-- PROBLEM TO WORK ON --
Leaving out every picture, retype the lines below from the top through the one that contains "photos 38 Grue".

-- EXERCISE DATA --
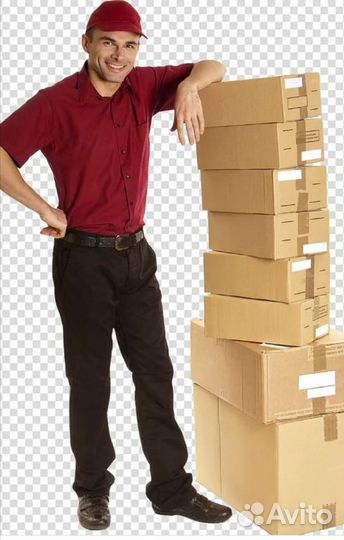 Грузчик мерчендайзер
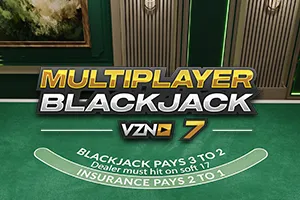 Blackjack VZN 7 - SOLIDPLAY99
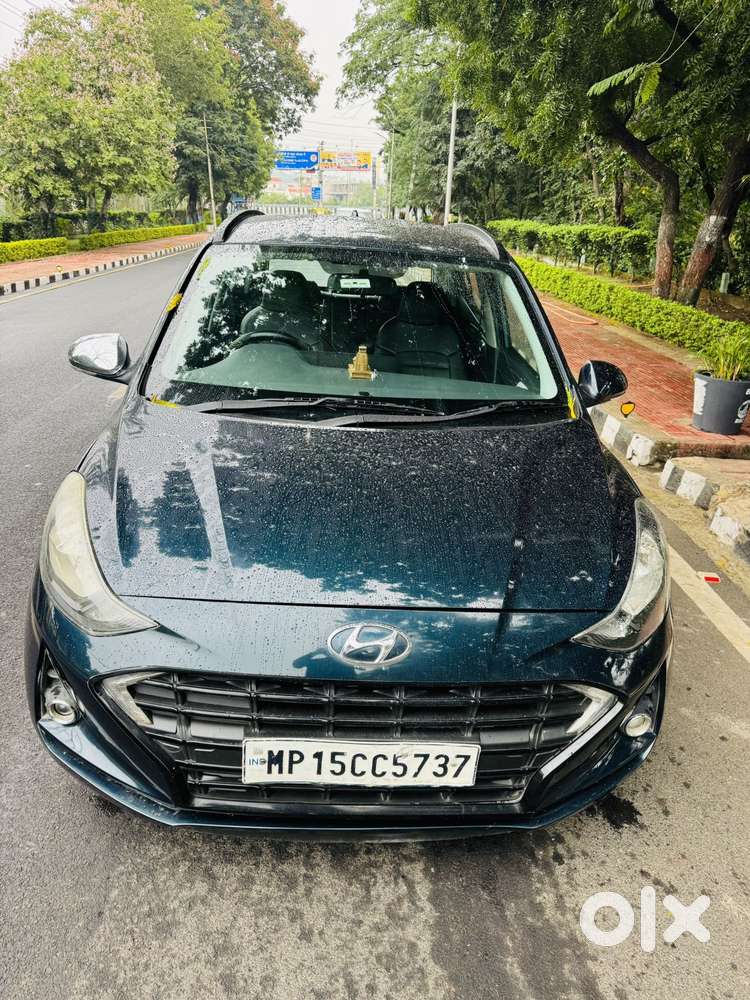 Hyundai Grand I10 Nios Sportz, 2021, Petrol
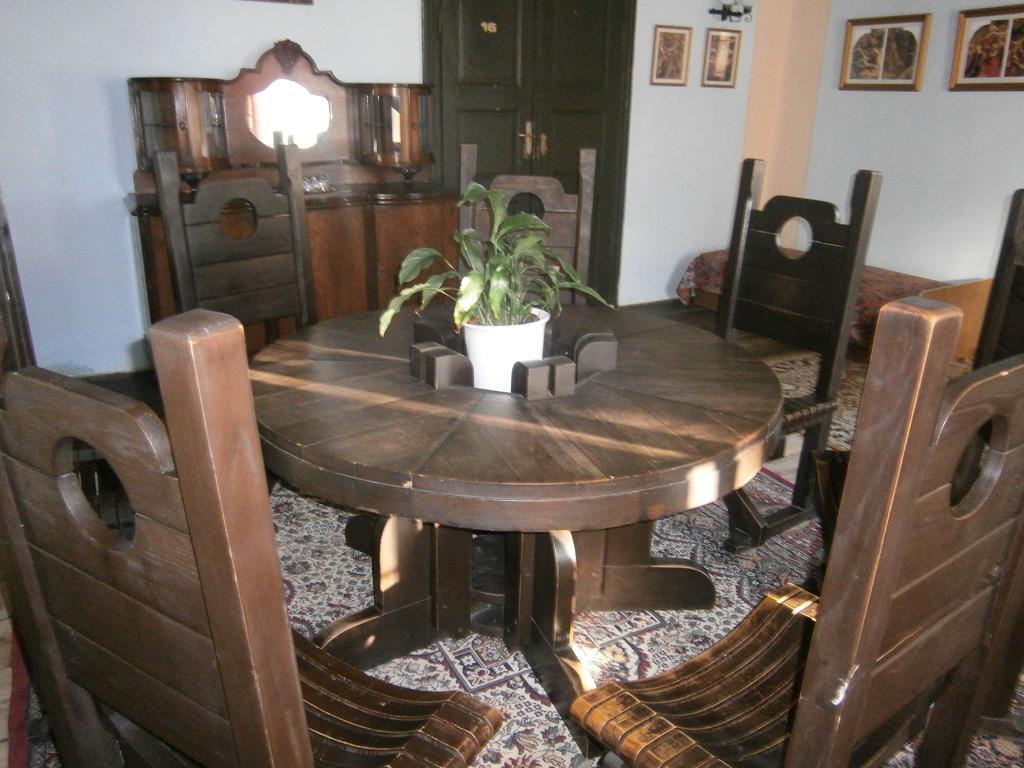 Kastelyfogado Sitke Otel Dış mekan fotoğraf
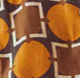 JUPE LENA - Motif Seventies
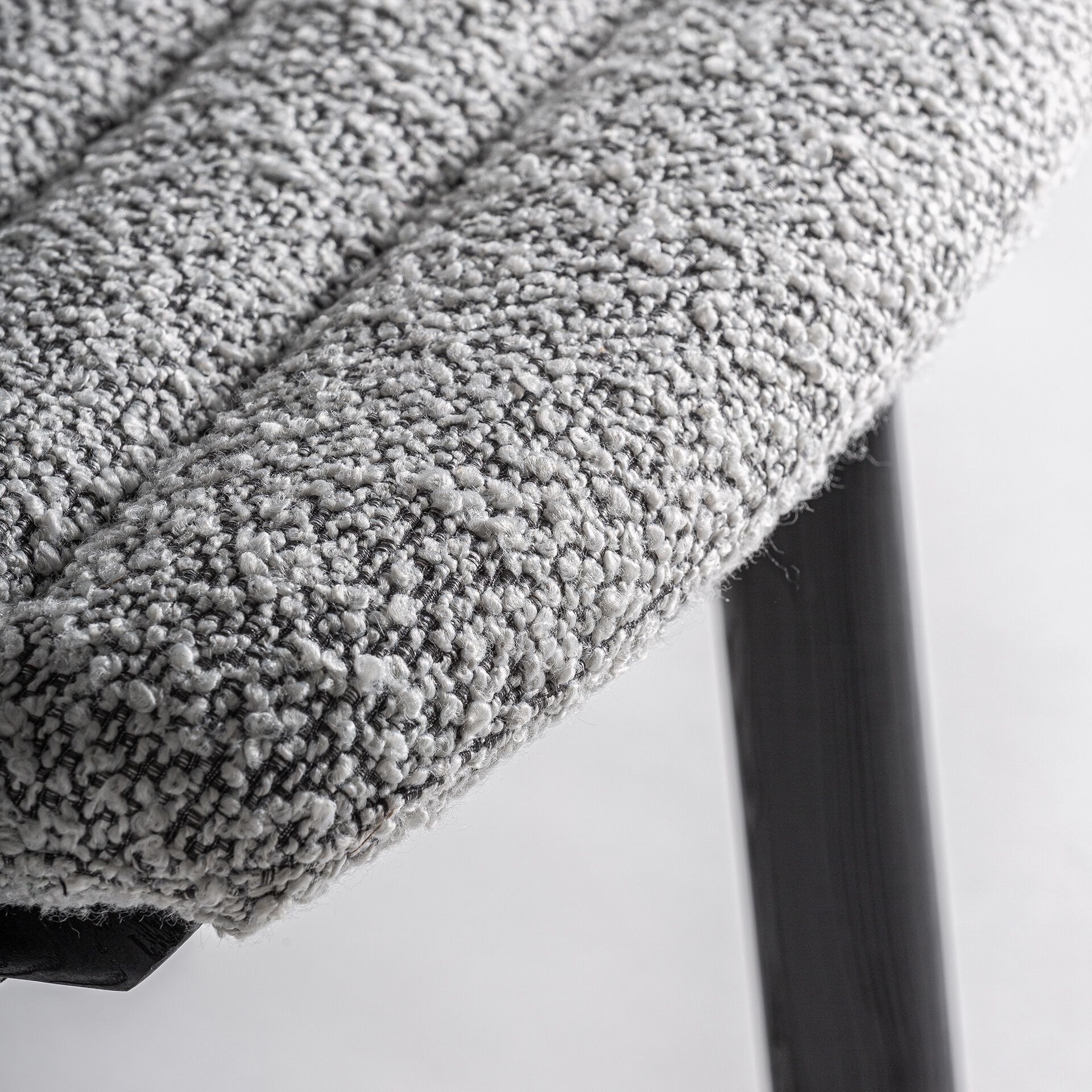 Тканевый стул с подлокотниками Vical Home жаккард ARCH-00058906 - Вид №3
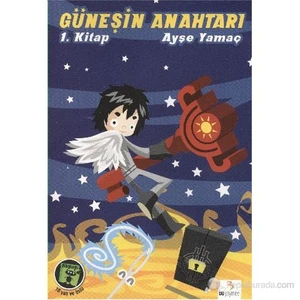 Güneşin Anahtarı-Ayşe Yamaç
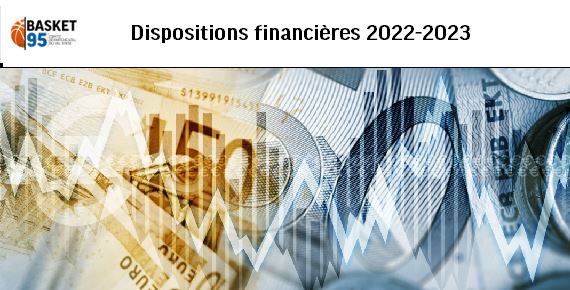 Dispositions financières 2022-2023 (tarifs)
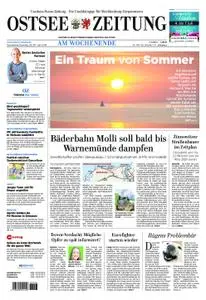 Ostsee Zeitung Wolgast - 29. Juni 2019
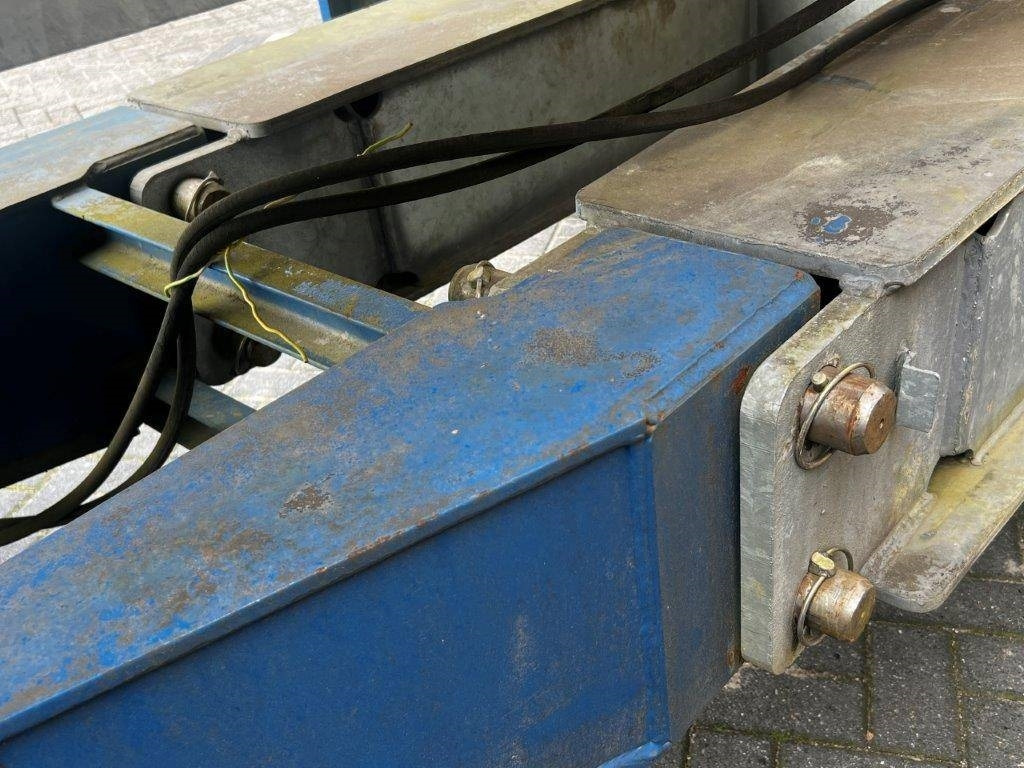 Grue à tour Soima Construction crane SOIMA SGH 19x28 - 28 mete: photos 38 Grue à tour Soima Construction crane SOIMA SGH 19x28 - 28 mete: photos 38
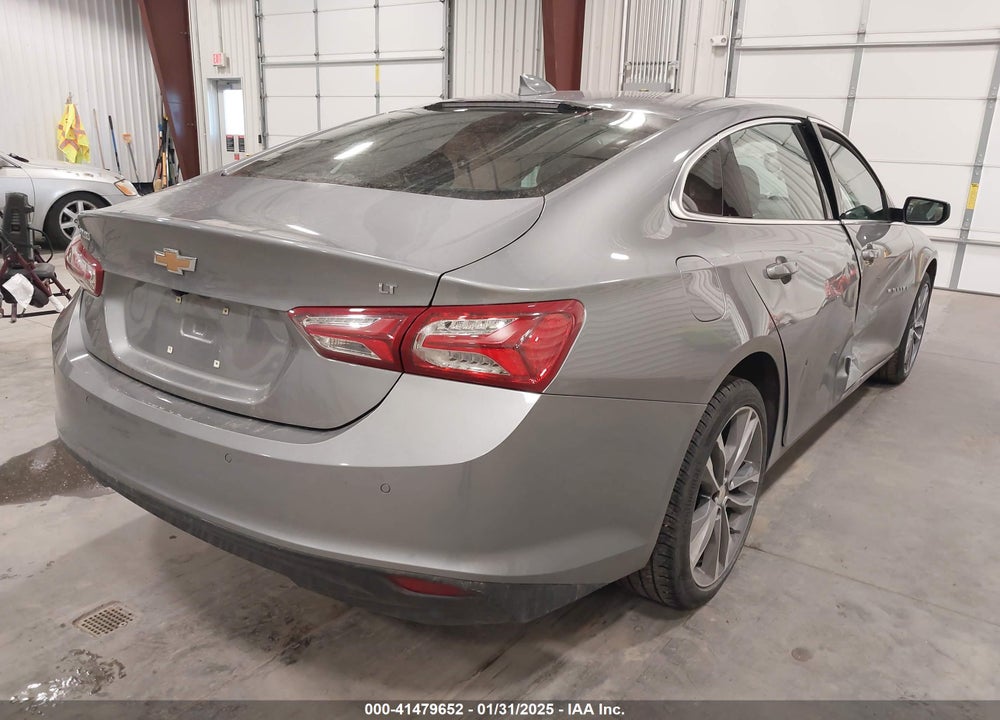2024 CHEVROLET MALIBU FWD 2LT VIN: 1G1ZE5ST9RF177436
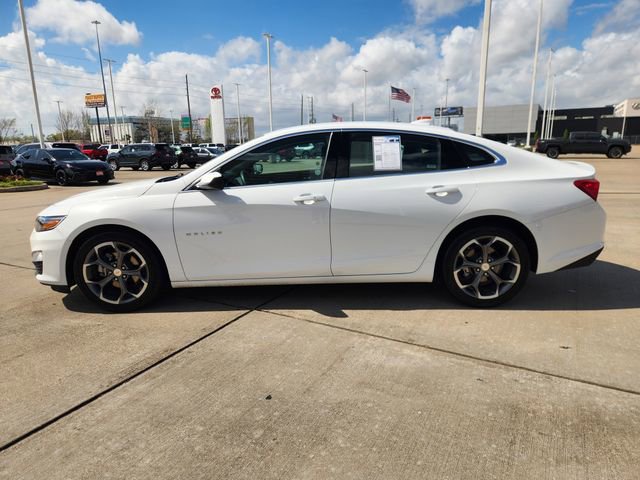 Used 2024 Chevrolet Malibu LT image 4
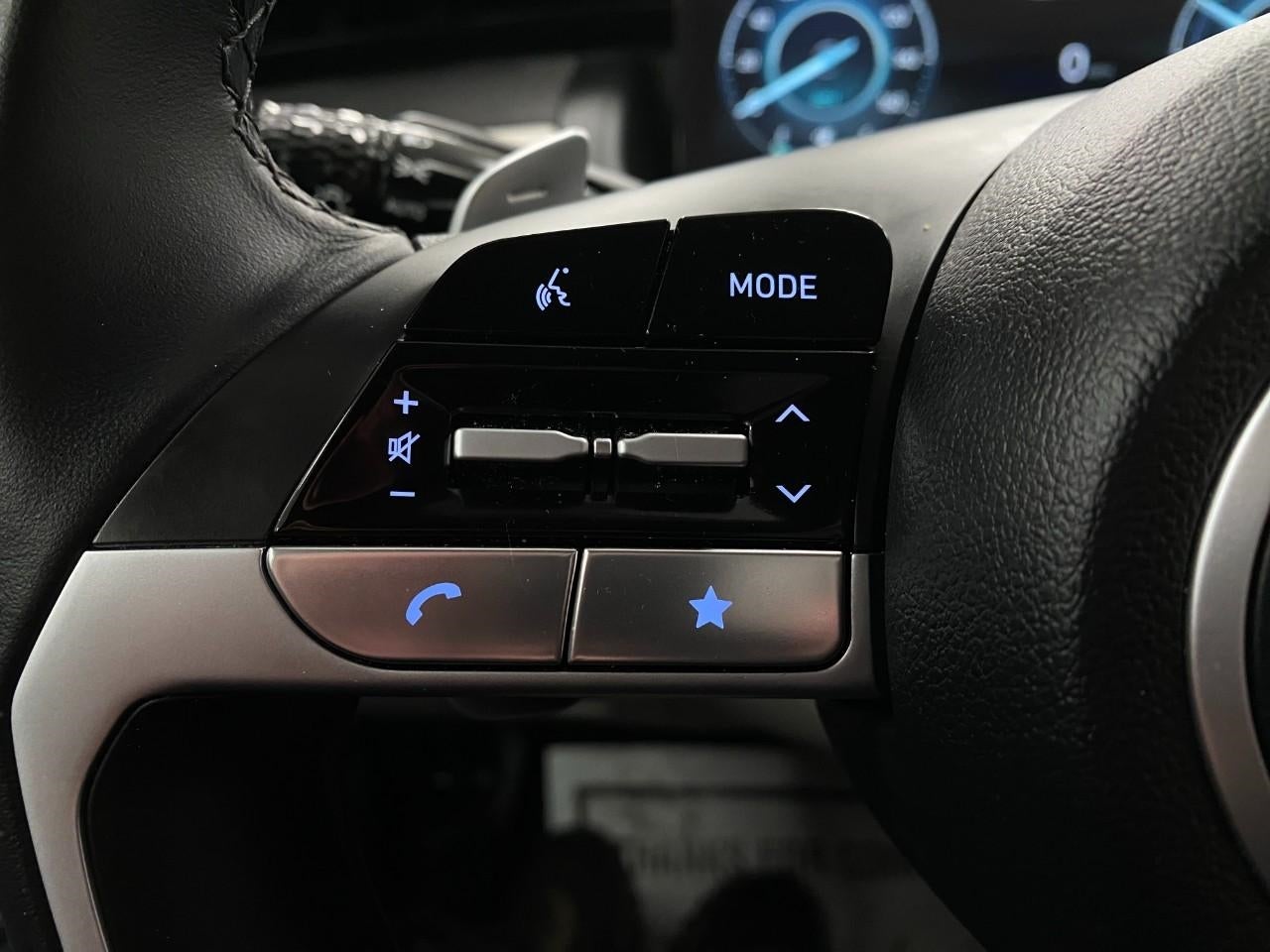 2023 Hyundai TUCSON Hybrid SEL Convenience AWD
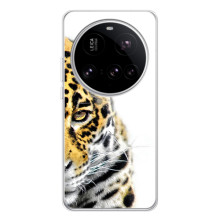 Чехлы с картинками животных Xiaomi 15 Ultra (Леопард)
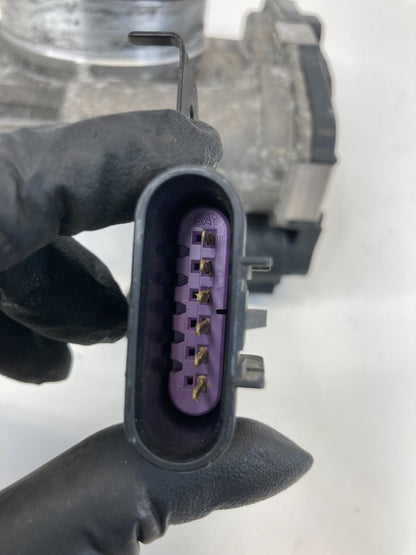 2008-2011 Cadillac STS 2007 2011 SRX 3.6L V6 AT Throttle Body Throttle Valve OEM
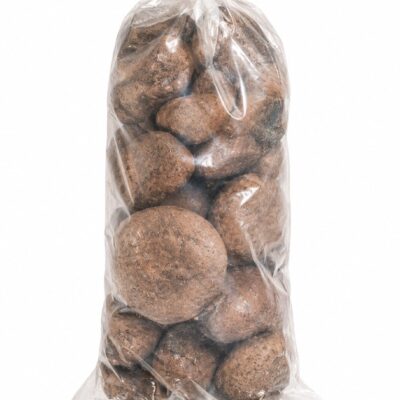 BROWN PEBBLES EXTRA LARGE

-- ANSWER SECTION --
 Грузчик мерчендайзер
 Blackjack VZN 7 - SOLIDPLAY99
 Hyundai Grand I10 Nios Sportz, 2021, Petrol
 Kastelyfogado Sitke Otel Dış mekan fotoğraf
 JUPE LENA - Motif Seventies
 Тканевый стул с подлокотниками Vical Home жаккард ARCH-00058906 - Вид №3
 Güneşin Anahtarı-Ayşe Yamaç
 Dispositions financières 2022-2023 (tarifs)
 Ostsee Zeitung Wolgast - 29. Juni 2019
 Grue à tour Soima Construction crane SOIMA SGH 19x28 - 28 mete: photos 38 Grue à tour Soima Construction crane SOIMA SGH 19x28 - 28 mete: photos 38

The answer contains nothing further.